══ Study material

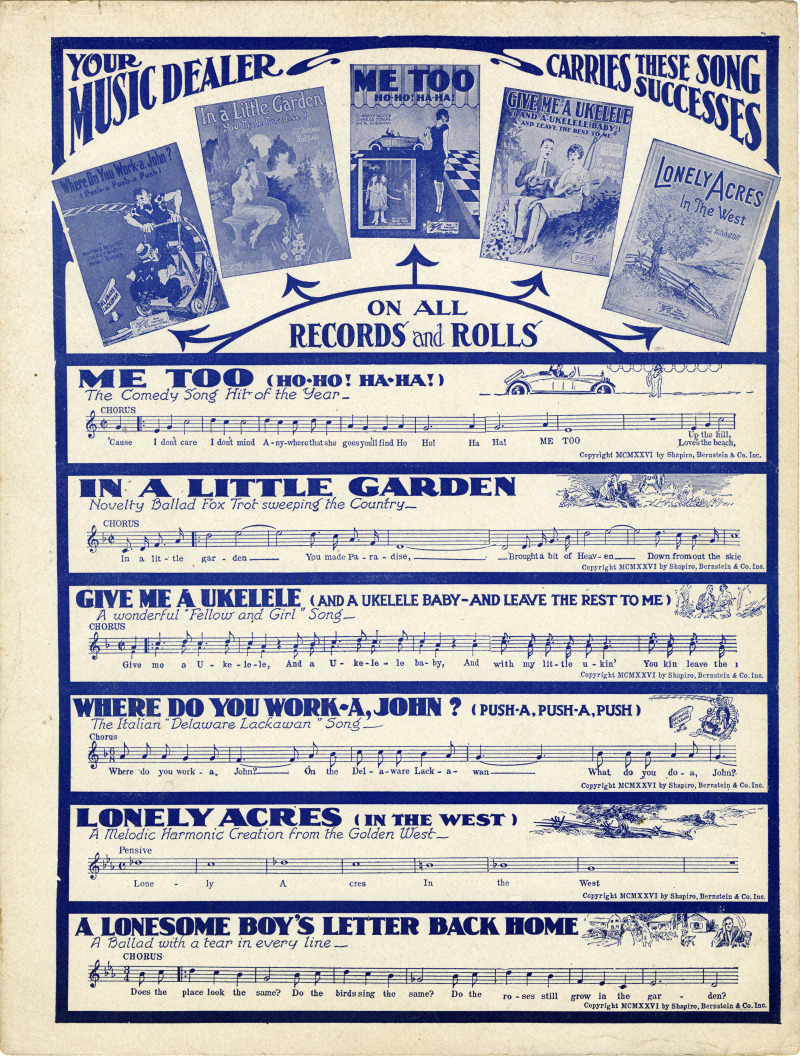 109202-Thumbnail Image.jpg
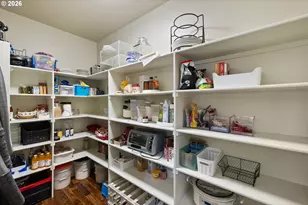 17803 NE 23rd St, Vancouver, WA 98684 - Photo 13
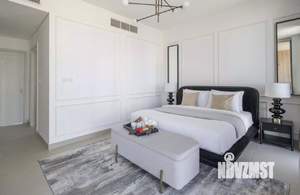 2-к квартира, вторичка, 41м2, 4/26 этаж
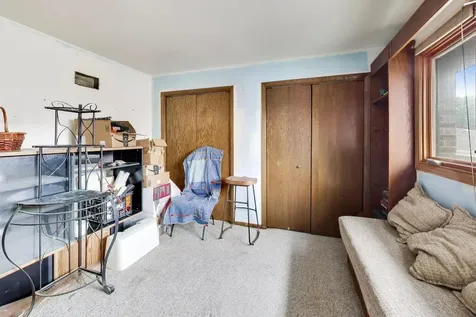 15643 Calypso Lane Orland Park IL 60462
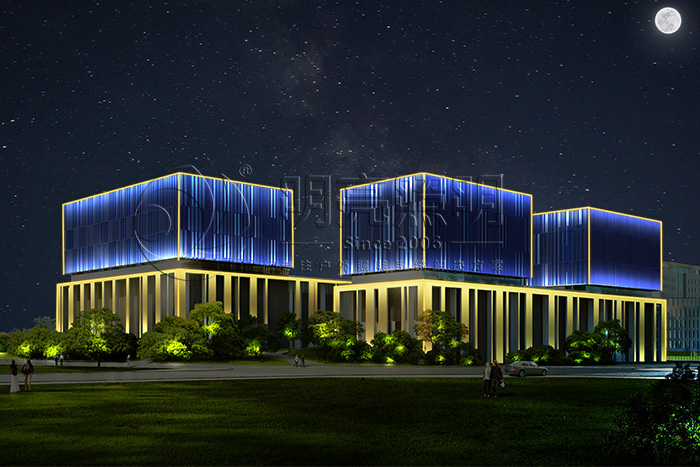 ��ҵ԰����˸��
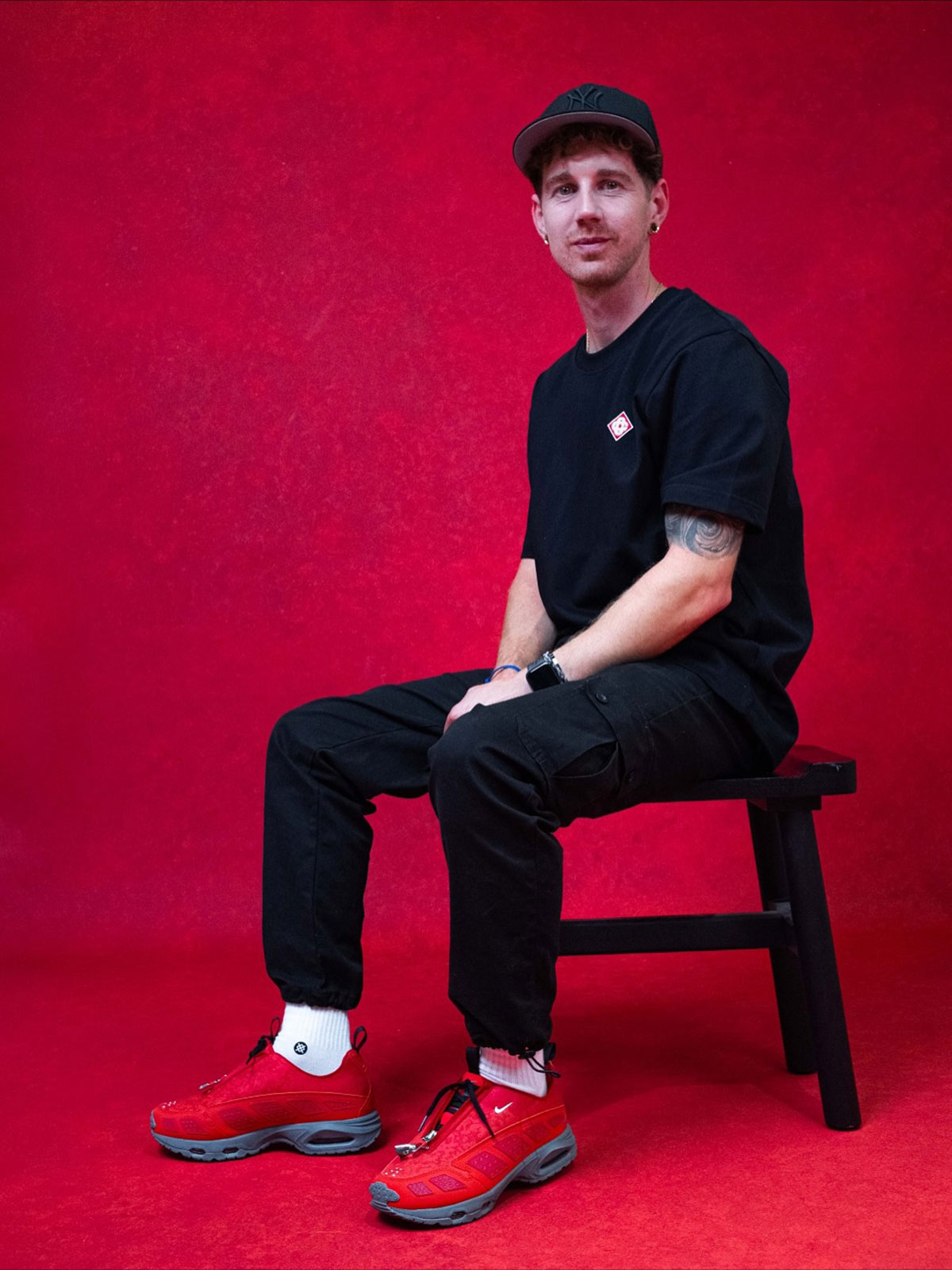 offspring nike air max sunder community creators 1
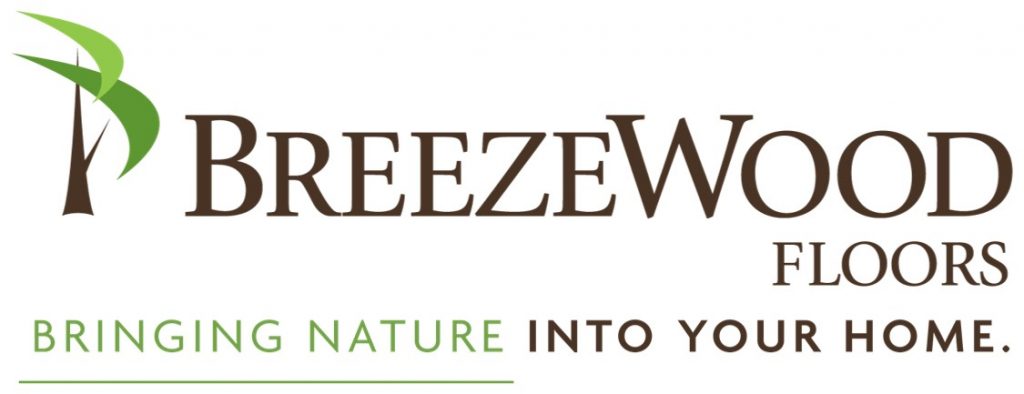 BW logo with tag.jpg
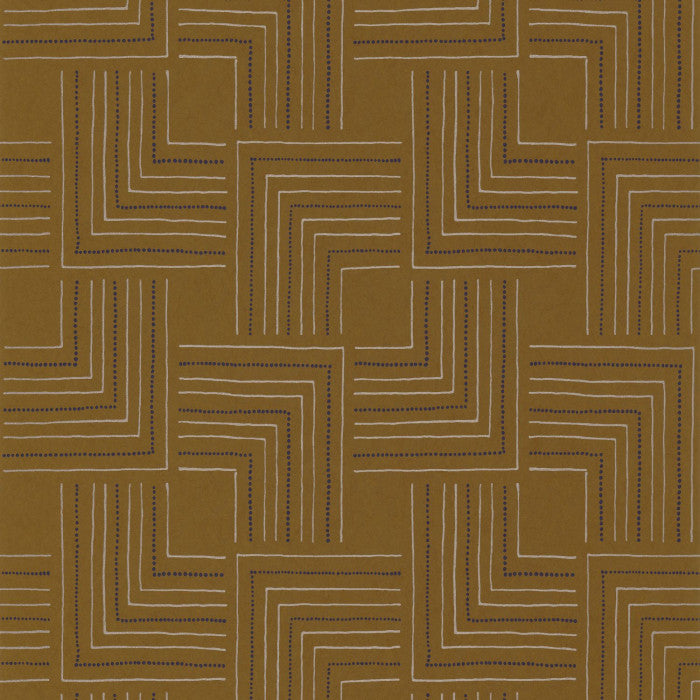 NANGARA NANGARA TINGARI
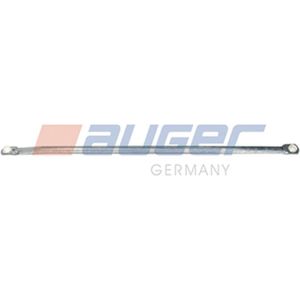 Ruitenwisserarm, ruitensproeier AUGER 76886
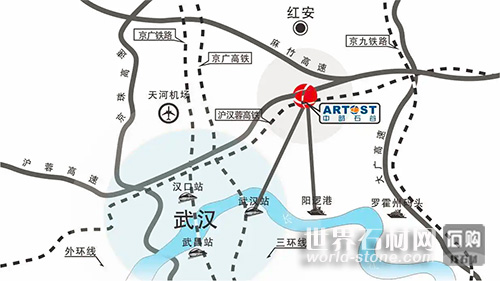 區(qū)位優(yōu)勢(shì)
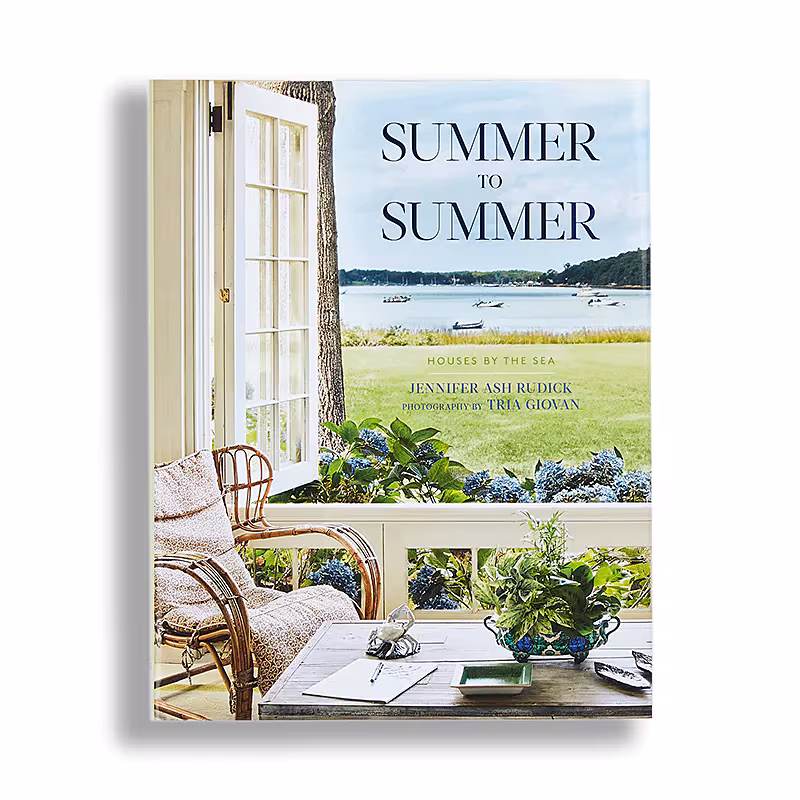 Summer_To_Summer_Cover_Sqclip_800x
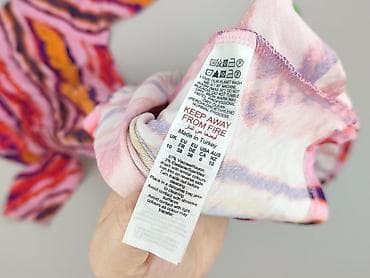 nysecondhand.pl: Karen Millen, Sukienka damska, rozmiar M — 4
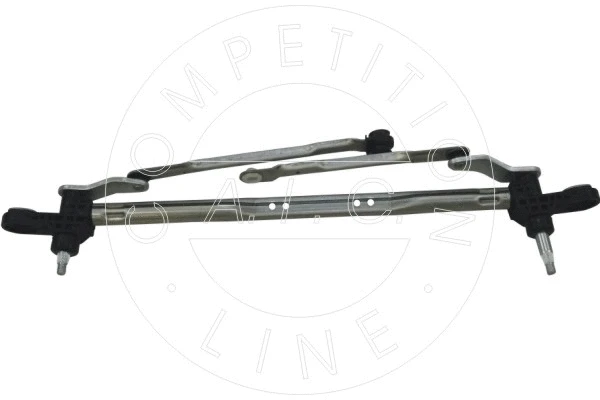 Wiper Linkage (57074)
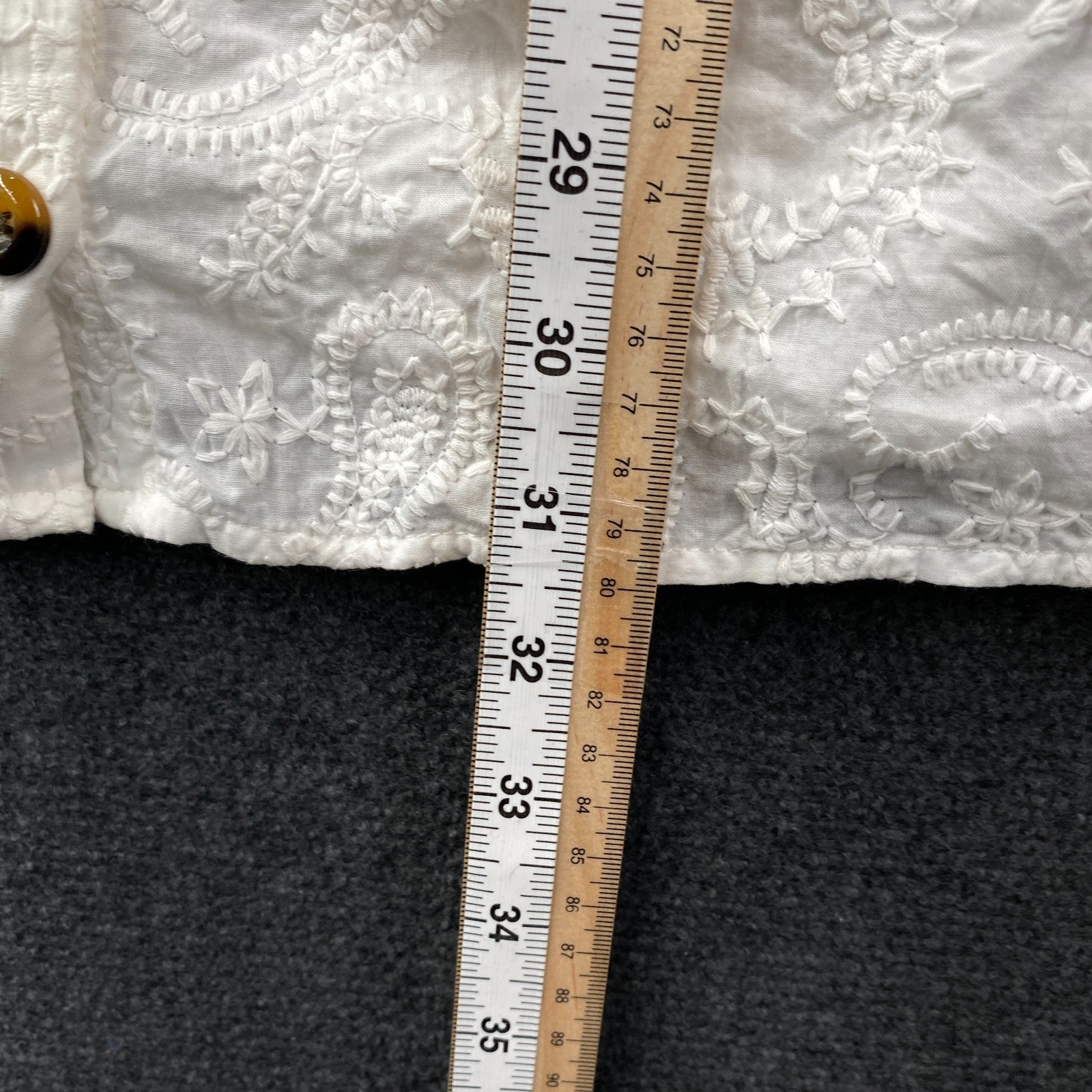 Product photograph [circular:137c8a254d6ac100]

════

◆ **Problem details**: Could you set down every record above exactly as written, leaving out the pictures?

◆ **Reply to the exercise**:
 109202-Thumbnail Image.jpg
 17803 NE 23rd St, Vancouver, WA 98684 - Photo 13
 2-к квартира, вторичка, 41м2, 4/26 этаж
 15643 Calypso Lane Orland Park IL 60462
 ��ҵ԰����˸��
 offspring nike air max sunder community creators 1
 BW logo with tag.jpg
 NANGARA NANGARA TINGARI
 Ruitenwisserarm, ruitensproeier AUGER 76886
 區(qū)位優(yōu)勢(shì)
 Summer_To_Summer_Cover_Sqclip_800x
 nysecondhand.pl: Karen Millen, Sukienka damska, rozmiar M — 4
 Wiper Linkage (57074)
 Product photograph [circular:137c8a254d6ac100]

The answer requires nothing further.